# ACTION ITEM:
Make an exact copy of the listing below.

# PROVIDED DATA:
* * * * *

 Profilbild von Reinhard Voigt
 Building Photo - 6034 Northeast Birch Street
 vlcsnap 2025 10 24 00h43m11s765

* * * * *

# REPLY:
 Profilbild von Reinhard Voigt
 Building Photo - 6034 Northeast Birch Street
 vlcsnap 2025 10 24 00h43m11s765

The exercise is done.